DLL Programmer's Guide for TNS/E Systems
DLL Programmer’s Guide for TNS/E Systems—527252-006
1-1
1 DLLs on a TNS/E System
This section explains the TNS/E DLL (dynamic-link library) facility – what DLLs are,
how they work, how they can be used, and the basic workings of the tools that create
them. This facility comprises the linker (eld), the loader (rld), and the portions of the
HP NonStop™ operating system used in loading libraries. The facility runs in either the
OSS or Guardian environments, and on auxiliary Windows systems you can construct,
but not load, TNS/E applications that use DLLs.
DLLs or equivalent features exist on other platforms in the industry (for example, UNIX
and Windows); on UNIX systems they are known as DSO’s (dynamically shared
objects).
Note that this manual discusses the use of the linker eld on TNS/E systems. There is
a companion manual, The DLL Programmer’s Guide for TNS/R Systems that covers
the use of the other PIC linker, ld, which is designed for use on TNS/R systems.
Libraries and Symbols
As used here, a library is a loadable object or code file (or loadfile), that offers
functions and data for use by other loadable code files. In a library, each such function
and data item has its own symbolic name, as defined in its original source. This
symbolic name is known as a symbol, and the function or data offered under this name
is called the symbol definition.
Code that needs a function or data item refers to that function or data by its symbolic
name; such a reference is called a symbolic reference. Thus, a symbolic reference is
the requisition for or the use of the symbol’s definition. A symbolic reference is satisfied
by assigning to it the symbol value, which is the virtual address of the symbol’s
definition. The process of assigning that value is called binding or resolving the
symbolic reference. At load time, for every symbolic reference in every loadfile, the
system finds the program or a library that offers a function or data item having the
same name, and it binds that reference to a corresponding definition.

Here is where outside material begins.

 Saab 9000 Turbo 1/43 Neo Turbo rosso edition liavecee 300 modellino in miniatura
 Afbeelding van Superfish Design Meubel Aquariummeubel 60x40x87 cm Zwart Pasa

Figure 1-1 on page 1-2 is an example of how this binding works; while this example is
illustrative, it is not entirely realistic, for instance, in the numbers used for virtual
addresses. The upper portion of this figure shows the situation before the loadfiles are
loaded. A loadfile on the left, called H, which may be a program or a library, contains a
reference to a symbol, Joe. Three libraries are shown on the right; library J is 5000
bytes long; library K is 3000 bytes long; and library L is 4000 bytes long. Lib K contains
a definition of Joe, which has an entry point offset 1300 bytes from the start of that
library.
The lower portion of Figure 1-1 shows the situation after the four code files are loaded
in a process. The loader placed the three libraries contiguously starting at some virtual
address, say, 10000. This means that the definition of Joe is now located at virtual
address 16300; therefore, this is the value of Joe. The loader has resolved, or bound,
the reference in H to Joe by replacing the symbol in H with the value of Joe, namely,
16300.